(Stored entries)
=======
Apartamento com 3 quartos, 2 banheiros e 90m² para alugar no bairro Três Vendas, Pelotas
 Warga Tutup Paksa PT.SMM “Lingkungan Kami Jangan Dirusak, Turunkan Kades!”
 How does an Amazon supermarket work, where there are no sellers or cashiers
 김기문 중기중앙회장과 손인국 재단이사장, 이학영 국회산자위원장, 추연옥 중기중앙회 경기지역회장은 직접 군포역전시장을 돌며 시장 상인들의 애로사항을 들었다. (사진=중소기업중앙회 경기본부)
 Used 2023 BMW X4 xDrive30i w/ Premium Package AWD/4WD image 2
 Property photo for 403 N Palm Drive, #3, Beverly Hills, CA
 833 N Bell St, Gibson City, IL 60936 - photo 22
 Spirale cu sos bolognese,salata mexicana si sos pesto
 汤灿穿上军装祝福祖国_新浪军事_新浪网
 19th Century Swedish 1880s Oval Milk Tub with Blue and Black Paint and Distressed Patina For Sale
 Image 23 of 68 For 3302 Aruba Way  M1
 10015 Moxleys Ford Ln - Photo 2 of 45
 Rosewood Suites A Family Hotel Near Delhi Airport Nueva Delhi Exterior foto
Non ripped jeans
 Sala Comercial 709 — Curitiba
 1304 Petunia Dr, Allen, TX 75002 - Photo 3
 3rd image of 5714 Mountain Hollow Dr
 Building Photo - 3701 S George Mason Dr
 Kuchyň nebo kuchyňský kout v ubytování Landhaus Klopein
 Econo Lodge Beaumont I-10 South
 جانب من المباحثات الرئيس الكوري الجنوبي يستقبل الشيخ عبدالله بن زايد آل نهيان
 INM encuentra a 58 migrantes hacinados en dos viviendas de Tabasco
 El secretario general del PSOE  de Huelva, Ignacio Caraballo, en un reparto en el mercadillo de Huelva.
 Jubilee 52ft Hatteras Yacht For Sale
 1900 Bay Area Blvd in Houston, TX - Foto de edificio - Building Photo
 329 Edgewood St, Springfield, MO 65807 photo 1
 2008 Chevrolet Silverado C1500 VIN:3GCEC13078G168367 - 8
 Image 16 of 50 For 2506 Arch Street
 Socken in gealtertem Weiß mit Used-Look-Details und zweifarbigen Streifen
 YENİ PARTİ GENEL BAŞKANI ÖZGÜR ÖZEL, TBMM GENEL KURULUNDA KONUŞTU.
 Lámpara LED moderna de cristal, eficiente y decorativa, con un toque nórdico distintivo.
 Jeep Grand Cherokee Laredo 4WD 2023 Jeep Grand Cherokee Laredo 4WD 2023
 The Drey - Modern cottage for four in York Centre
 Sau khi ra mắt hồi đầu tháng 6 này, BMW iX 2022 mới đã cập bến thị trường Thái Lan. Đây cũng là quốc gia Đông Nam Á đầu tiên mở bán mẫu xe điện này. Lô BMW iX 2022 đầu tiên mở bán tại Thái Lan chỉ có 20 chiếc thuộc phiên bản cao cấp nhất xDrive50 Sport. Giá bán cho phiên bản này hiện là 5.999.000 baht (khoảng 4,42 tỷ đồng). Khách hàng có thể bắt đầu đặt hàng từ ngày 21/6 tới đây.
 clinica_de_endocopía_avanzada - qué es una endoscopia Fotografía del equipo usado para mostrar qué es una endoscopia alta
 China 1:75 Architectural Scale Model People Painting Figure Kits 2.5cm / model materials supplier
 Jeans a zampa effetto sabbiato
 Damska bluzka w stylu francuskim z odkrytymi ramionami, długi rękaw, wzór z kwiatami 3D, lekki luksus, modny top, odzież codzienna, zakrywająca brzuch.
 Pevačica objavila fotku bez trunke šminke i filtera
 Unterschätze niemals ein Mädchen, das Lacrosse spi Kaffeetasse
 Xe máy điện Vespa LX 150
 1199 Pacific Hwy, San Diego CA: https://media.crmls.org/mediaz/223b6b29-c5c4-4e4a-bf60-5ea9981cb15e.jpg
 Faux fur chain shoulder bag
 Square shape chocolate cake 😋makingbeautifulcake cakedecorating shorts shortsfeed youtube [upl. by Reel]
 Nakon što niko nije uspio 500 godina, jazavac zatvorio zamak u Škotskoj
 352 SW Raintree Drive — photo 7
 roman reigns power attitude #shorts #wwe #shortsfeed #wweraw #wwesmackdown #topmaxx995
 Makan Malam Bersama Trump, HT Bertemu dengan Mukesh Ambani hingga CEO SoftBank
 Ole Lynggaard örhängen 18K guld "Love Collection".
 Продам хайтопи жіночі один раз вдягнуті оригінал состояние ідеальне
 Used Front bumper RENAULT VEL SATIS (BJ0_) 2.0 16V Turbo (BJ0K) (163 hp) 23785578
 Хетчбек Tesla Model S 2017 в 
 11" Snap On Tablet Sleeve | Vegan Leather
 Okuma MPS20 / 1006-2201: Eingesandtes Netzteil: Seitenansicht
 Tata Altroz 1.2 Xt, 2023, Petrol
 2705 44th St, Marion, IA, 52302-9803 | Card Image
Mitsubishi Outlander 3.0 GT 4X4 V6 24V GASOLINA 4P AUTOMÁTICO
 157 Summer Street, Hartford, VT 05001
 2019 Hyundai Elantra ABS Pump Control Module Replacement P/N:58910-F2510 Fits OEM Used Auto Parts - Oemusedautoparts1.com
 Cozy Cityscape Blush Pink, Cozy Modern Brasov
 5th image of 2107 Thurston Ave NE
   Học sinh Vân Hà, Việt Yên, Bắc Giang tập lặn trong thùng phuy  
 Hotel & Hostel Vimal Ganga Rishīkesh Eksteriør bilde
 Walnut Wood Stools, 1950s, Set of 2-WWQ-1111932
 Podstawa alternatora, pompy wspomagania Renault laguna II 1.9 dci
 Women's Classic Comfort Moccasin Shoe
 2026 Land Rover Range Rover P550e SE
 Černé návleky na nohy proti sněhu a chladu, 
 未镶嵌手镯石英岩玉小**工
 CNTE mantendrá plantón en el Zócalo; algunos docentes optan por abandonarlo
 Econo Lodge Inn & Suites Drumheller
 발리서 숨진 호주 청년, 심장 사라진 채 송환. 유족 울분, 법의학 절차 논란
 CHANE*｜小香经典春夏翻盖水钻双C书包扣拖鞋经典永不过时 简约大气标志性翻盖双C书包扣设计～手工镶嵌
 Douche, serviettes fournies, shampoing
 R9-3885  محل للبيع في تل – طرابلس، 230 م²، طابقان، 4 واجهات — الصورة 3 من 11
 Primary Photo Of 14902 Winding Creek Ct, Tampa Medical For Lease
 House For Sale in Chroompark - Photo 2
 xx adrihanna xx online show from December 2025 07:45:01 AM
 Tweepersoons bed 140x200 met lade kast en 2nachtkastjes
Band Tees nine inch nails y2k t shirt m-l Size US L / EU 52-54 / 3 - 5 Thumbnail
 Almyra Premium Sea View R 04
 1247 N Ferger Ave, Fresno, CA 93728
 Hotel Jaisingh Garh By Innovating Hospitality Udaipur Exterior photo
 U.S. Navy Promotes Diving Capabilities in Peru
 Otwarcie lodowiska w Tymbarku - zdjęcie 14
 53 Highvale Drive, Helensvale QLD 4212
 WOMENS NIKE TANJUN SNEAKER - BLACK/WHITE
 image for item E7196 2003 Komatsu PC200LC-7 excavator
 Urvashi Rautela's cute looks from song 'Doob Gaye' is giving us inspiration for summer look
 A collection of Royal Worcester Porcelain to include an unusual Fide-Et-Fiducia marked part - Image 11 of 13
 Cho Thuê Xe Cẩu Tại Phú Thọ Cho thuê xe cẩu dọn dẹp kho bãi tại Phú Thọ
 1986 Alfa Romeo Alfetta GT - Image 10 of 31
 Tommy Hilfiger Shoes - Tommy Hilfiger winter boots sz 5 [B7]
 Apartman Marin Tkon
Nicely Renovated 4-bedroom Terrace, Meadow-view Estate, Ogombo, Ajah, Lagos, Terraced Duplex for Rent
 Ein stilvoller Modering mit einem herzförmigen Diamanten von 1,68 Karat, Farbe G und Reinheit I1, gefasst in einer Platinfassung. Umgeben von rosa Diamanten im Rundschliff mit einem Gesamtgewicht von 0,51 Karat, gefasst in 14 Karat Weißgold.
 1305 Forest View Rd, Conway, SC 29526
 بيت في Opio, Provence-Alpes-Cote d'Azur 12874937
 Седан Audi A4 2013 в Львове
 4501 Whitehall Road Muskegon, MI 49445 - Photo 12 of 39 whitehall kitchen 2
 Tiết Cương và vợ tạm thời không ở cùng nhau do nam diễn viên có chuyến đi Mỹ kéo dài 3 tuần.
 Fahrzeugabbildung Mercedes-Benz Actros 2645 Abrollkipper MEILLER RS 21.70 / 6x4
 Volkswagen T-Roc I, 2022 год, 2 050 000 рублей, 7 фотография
=======
Scan the data above and report each line in which "Lodge" is present.

 Econo Lodge Beaumont I-10 South
 Econo Lodge Inn & Suites Drumheller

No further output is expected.